- Data supplied

»»

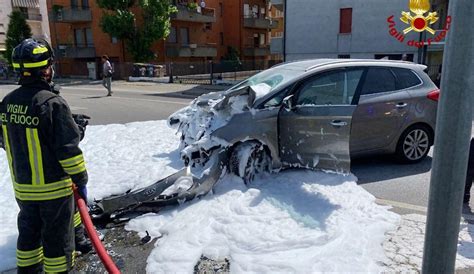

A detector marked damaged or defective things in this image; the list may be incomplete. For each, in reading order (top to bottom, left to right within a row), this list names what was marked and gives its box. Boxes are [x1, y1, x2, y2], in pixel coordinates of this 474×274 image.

damaged car [168, 58, 438, 181]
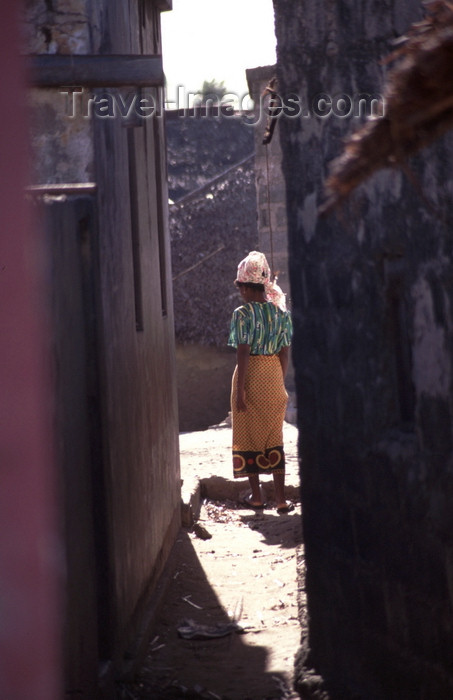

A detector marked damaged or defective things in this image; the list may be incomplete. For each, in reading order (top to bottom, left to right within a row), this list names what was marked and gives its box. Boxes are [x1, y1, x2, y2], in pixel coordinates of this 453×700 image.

peeling plaster wall [274, 1, 452, 700]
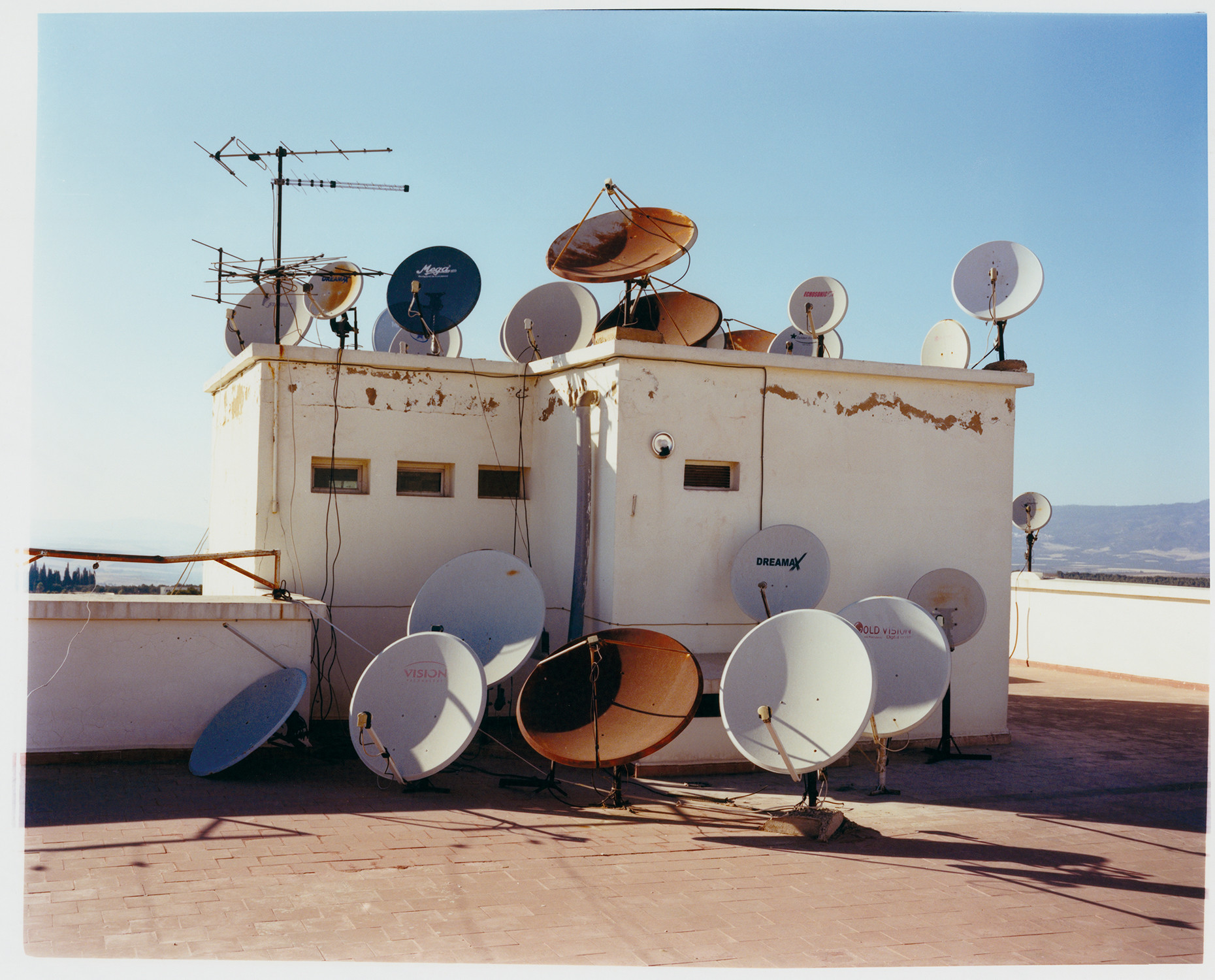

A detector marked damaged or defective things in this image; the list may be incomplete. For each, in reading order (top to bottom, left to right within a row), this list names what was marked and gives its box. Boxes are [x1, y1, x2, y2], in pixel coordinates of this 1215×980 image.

rusty brown satellite dish [547, 206, 700, 284]
rusty stain on wall [835, 393, 986, 435]
peeling paint on wall [841, 393, 991, 435]
rusty brown satellite dish [520, 627, 709, 773]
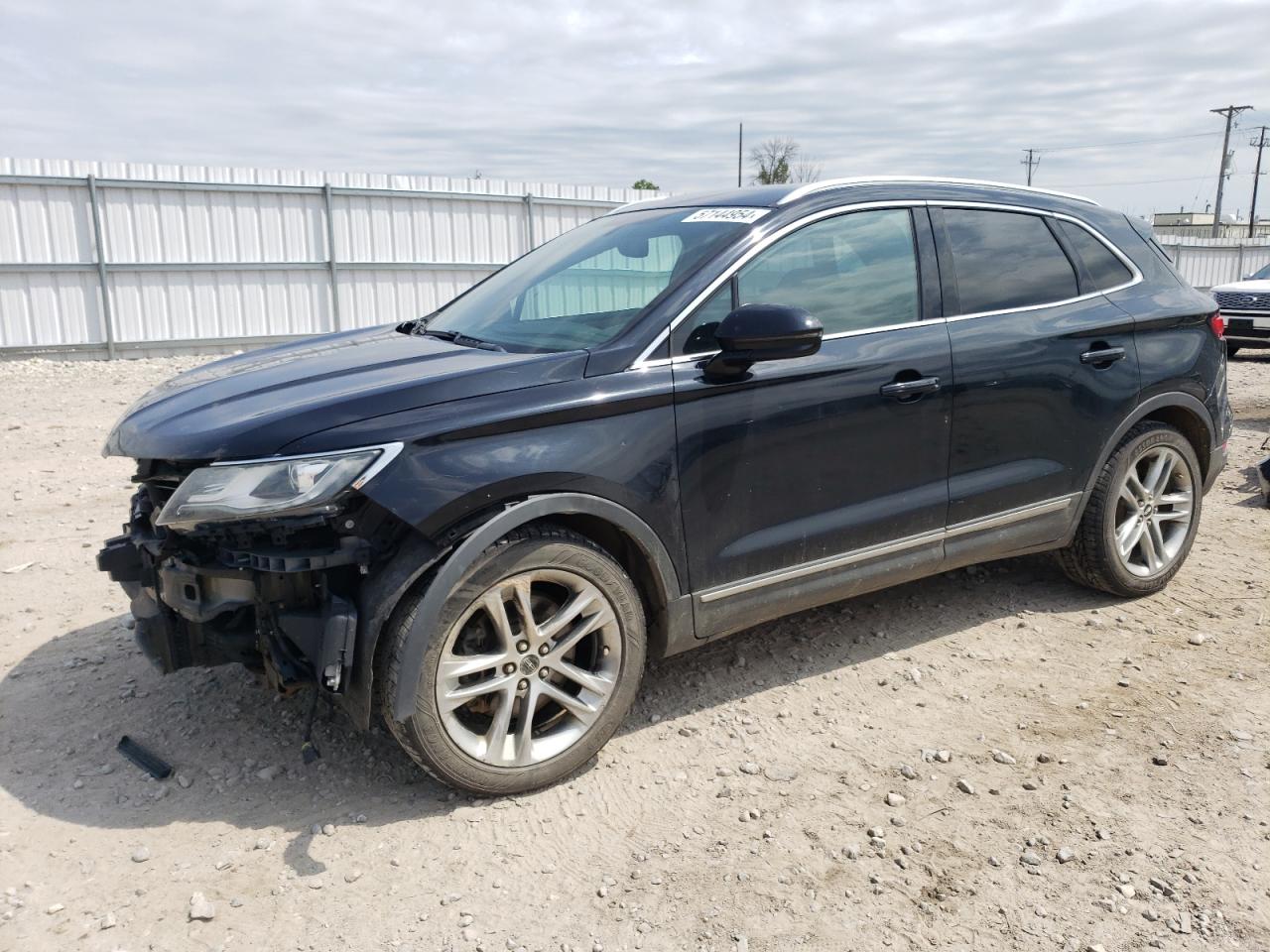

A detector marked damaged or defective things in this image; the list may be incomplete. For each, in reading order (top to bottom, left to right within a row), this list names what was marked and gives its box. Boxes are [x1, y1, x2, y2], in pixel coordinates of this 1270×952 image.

damaged front end [102, 451, 416, 710]
damaged headlight housing [155, 446, 401, 533]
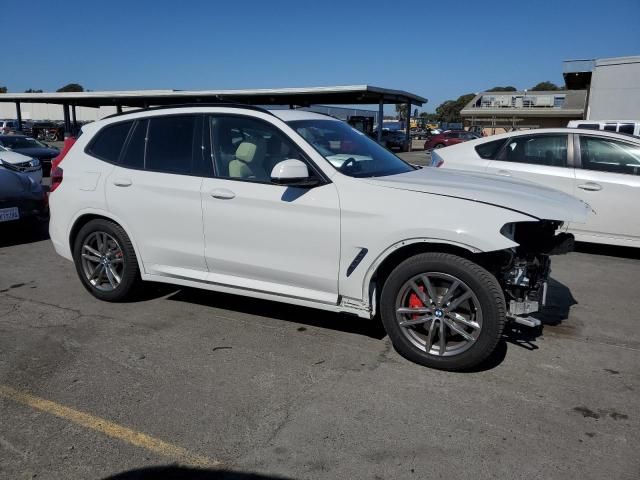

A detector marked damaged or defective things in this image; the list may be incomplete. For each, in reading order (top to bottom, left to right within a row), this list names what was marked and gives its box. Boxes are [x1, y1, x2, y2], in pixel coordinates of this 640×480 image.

damaged front end [498, 222, 572, 326]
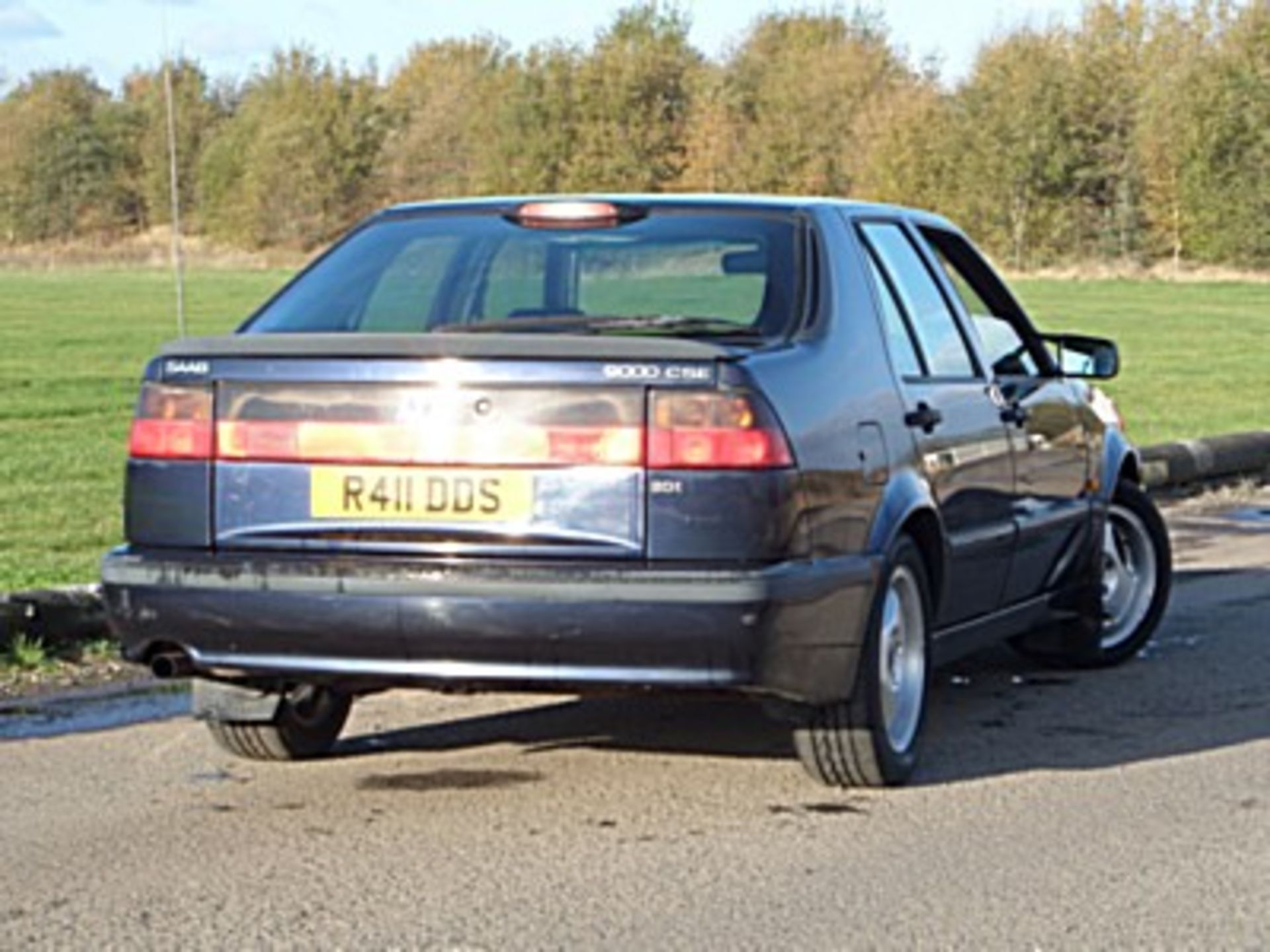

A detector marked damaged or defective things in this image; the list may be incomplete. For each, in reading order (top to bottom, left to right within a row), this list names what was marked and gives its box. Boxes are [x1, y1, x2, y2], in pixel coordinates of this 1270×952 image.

cracked tarmac road [2, 495, 1270, 947]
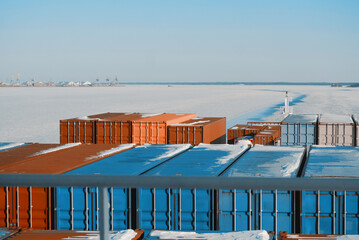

««

- Task directions
Reproduce the listing exactly. Do not include its images.

- Expected answer
A detector marked damaged or defective things in this image; the list may be incomplete. For each, in reading order (top to bottom, left to right within a row), this list names what was marked and gives its box. Boxes are [x1, y1, x2, y2], in pixel coordinates of this 474×274 image.

damaged car [168, 58, 438, 181]

A detector marked damaged or defective things in this image; the list may be incomplete. For each, in reading order (top to bottom, left to right within a row), this list names what was marked and gives its box. Boxes are [x1, y1, x2, y2], in pixel coordinates of this 453×700 image.

peeling plaster wall [274, 1, 452, 700]

A detector marked damaged or defective things in this image; the list may be incomplete. For each, in reading order (top to bottom, left to right within a row), this list names what was marked and gives its box. Boxes are [x1, y1, x2, y2], in pixel coordinates of this 1215×980 image.

rusty brown satellite dish [547, 206, 700, 284]
rusty stain on wall [835, 393, 986, 435]
peeling paint on wall [841, 393, 991, 435]
rusty brown satellite dish [520, 627, 709, 773]

A detector marked damaged or defective things in this image; the list may be incomplete. For each, in reading order (top to bottom, left to right within a row), this list names what was marked and gives its box. Boxes are [x1, y1, x2, y2], in pixel coordinates of this 1270×952 image.

damaged front end [102, 451, 416, 710]
damaged headlight housing [155, 446, 401, 533]

A detector marked damaged or defective things in this image; the list may be incomplete. For each, in reading order (top to bottom, left to right within a row), this list names what was marked and gives its box. Boxes are [x1, y1, x2, y2], in pixel coordinates of this 640×480 image.

damaged front end [498, 222, 572, 326]

A detector marked damaged or defective things in this image; the list may be incomplete. For each, in reading order (top to bottom, left to right within a row), this list names what was marked and gives its box. Boxes are [x1, y1, x2, y2], in pixel coordinates of this 1270×952 image.

cracked tarmac road [2, 495, 1270, 947]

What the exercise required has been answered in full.